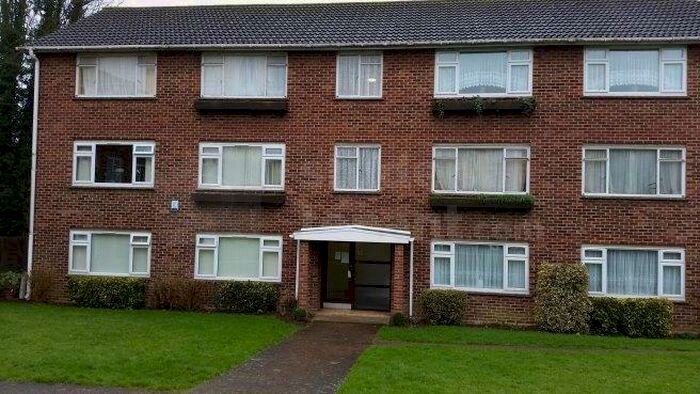 3 Bedroom Flat To Rent In Beaconsfield Road, CT2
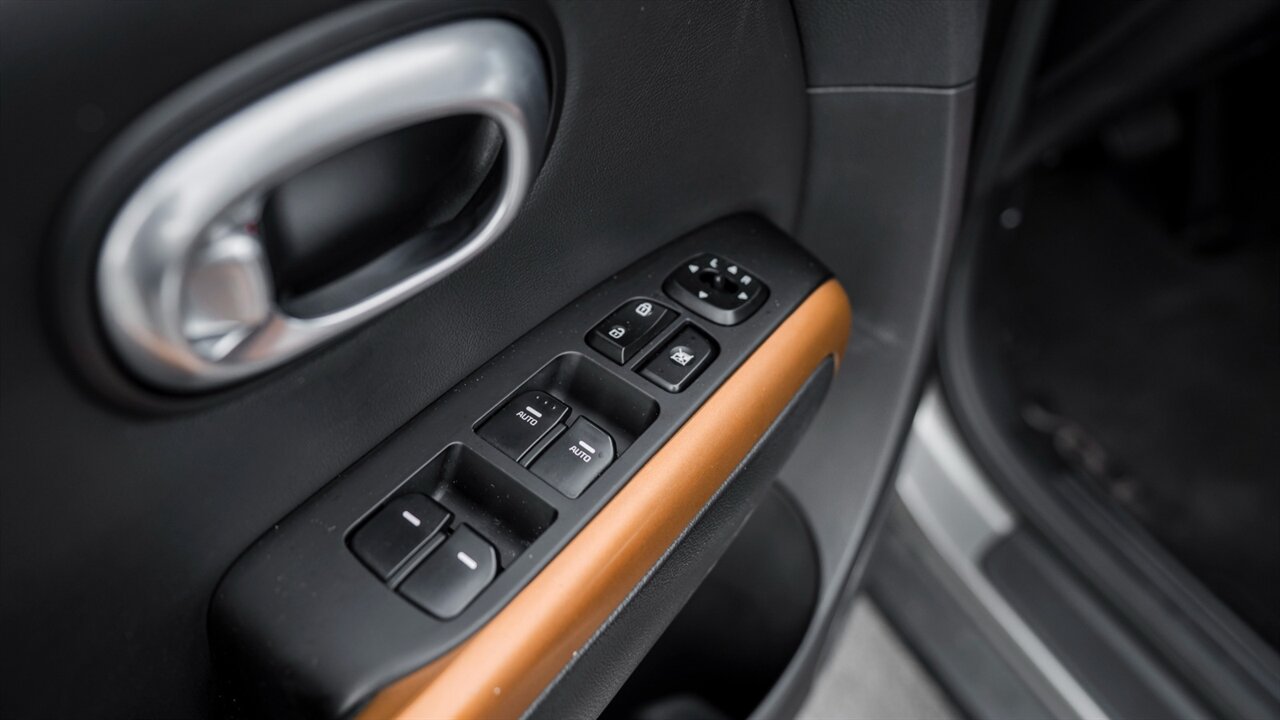 2016 Kia Soul ! - Photo 18 - Reno, NV 89511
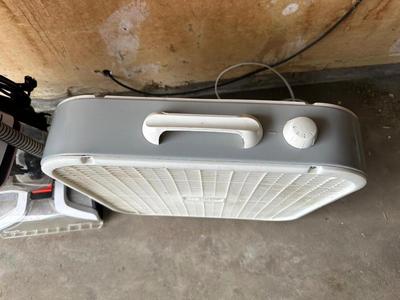 SHARK STAIN STRIKER CARPET XPERT SHAMPOOER AND BOX FAN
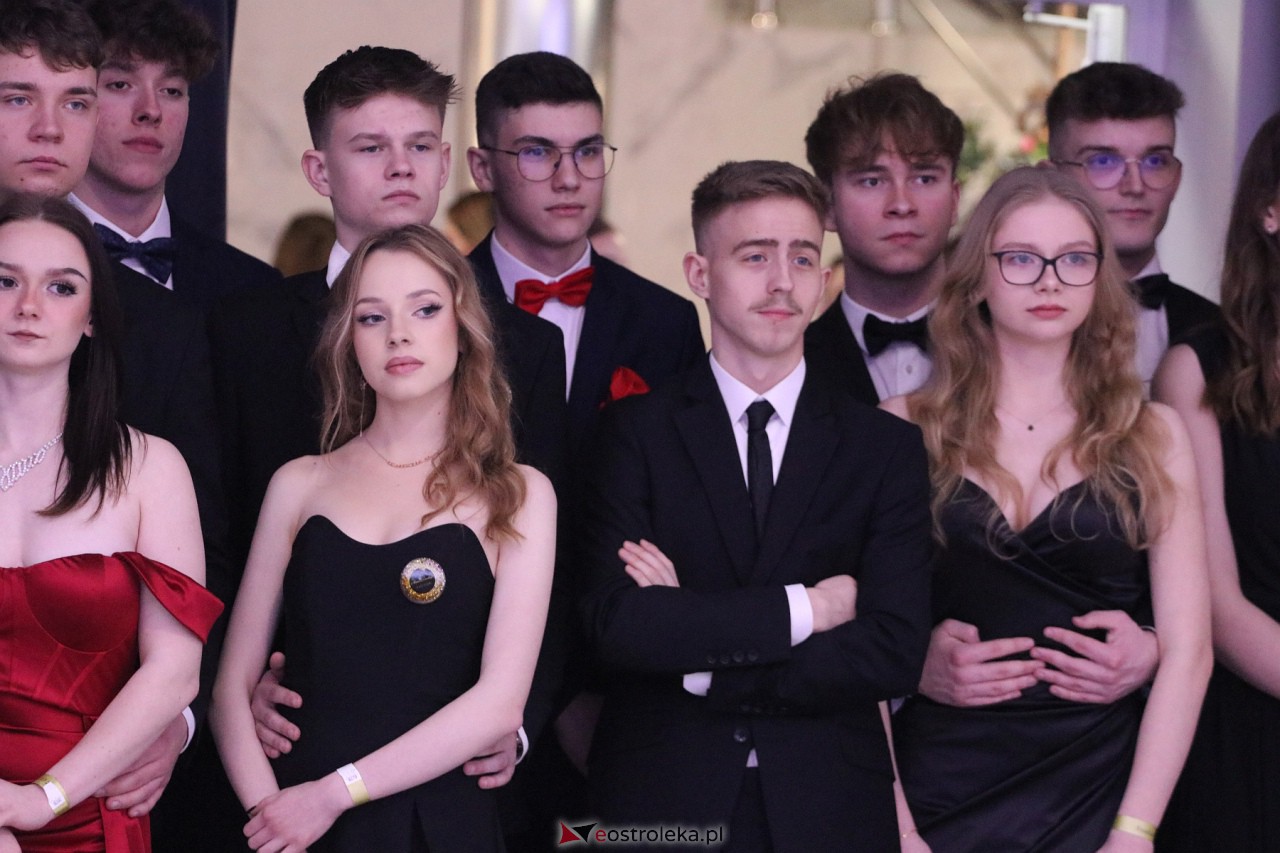 Studniówka II LO w Ostrołęce 2024 [10.02.2024] - zdjęcie #71 - eOstroleka.pl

================================

Task details
All the lines above are to be given again exactly as they read, with the pictures removed.

Exercise answer
 3 Bedroom Flat To Rent In Beaconsfield Road, CT2
 2016 Kia Soul ! - Photo 18 - Reno, NV 89511
 SHARK STAIN STRIKER CARPET XPERT SHAMPOOER AND BOX FAN
 Studniówka II LO w Ostrołęce 2024 [10.02.2024] - zdjęcie #71 - eOstroleka.pl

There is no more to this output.